El más evidente es que emponzoña la vida política, y España no está sobrada de acuerdos en política internacional, ahí está el caso de Marruecos, sino, sobre todo, porque el Estado español, no el Gobierno de turno, que podría contribuir a encontrar una salida a lo que ocurre en Venezuela, queda de esta manera anulado por las disputas internas. Pero también hay una tercera razón. Los intereses de las empresas españolas en Venezuela quedan a la intemperie de la acción exterior de España, ya que no hay una posición de país, sino que se pretende proyectar lo que pasa allí a la política nacional.
Bien harían unos y otros en centrarse en los problemas de Venezuela, que son descomunales, en lugar de intentar sacar tajada política de un conflicto que no es el suyo. Desviar la atención es, de hecho, el principal argumento que utiliza el régimen chavista para defenderse de los ataques extranjeros. Franco también lo hacía.

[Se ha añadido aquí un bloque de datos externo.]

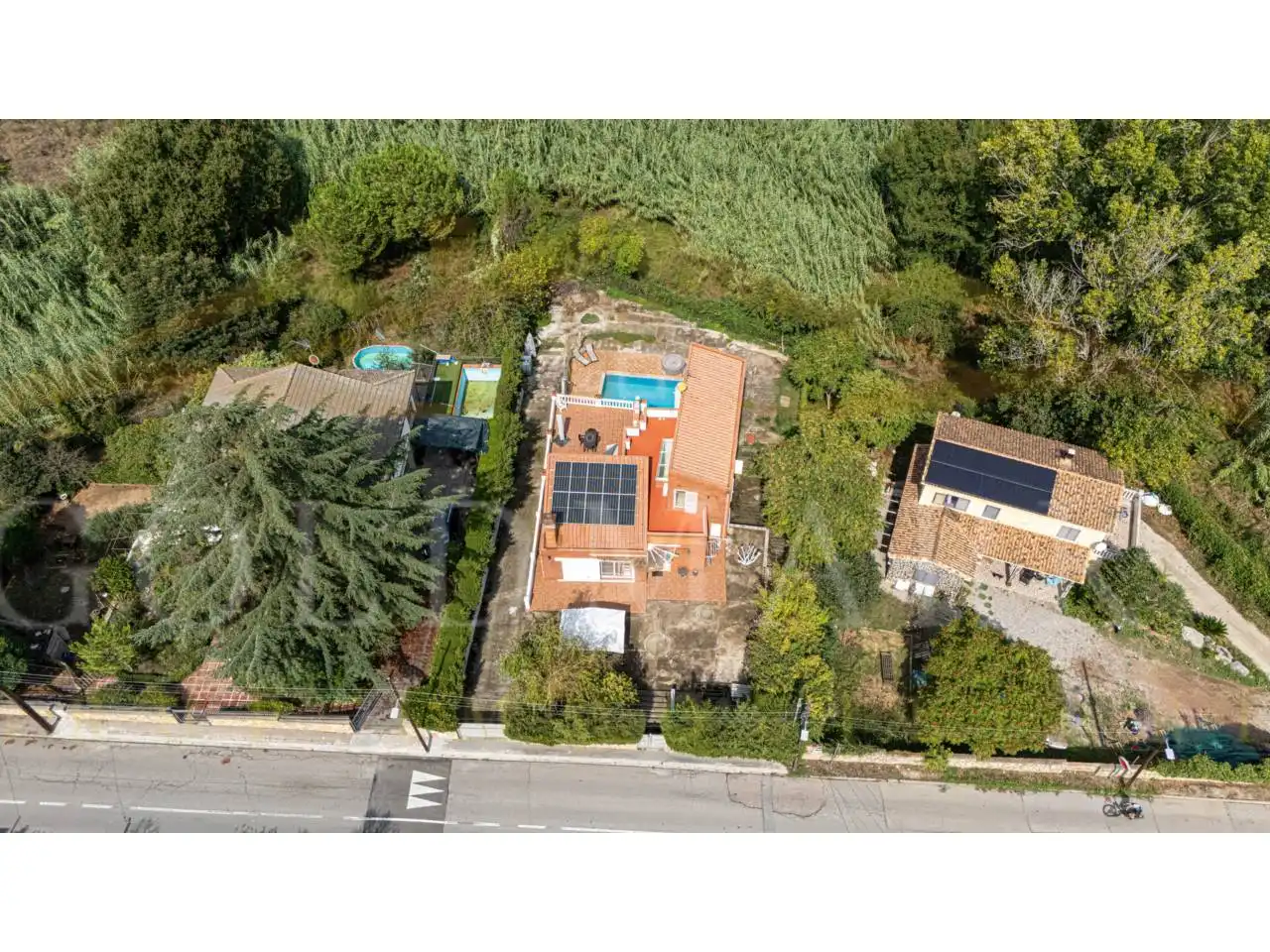 Vista exterior de Casa o xalet en venda en Corbera de Llobregat amb Aire condicionat, Calefacció i Jardí privat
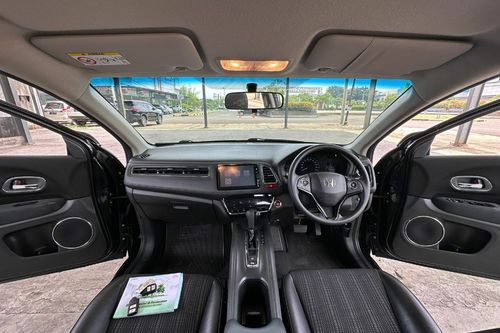 2017 Honda HRV 1.5L E CVT bekas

Hubo un tiempo, aunque parezca hoy mentira, en el que para conocer lo que pasaba en España había que leer la prensa extranjera. En particular, las crónicas de José Antonio Novais o Ramón Chao (Le Monde); Walter Haubrich (Frankfurter Allgemeine Zeitung); William Chislett (The Times) o, ya al final de la dictadura, John Hooper (The Guardian). La razón era obvia. La censura impedía publicar en España lo que estaba pasando dentro del país, lo que explica que la oposición democrática en su sentido más amplio —no solo comunistas o socialistas— utilizara a los corresponsales extranjeros para denunciar las atrocidades de la dictadura.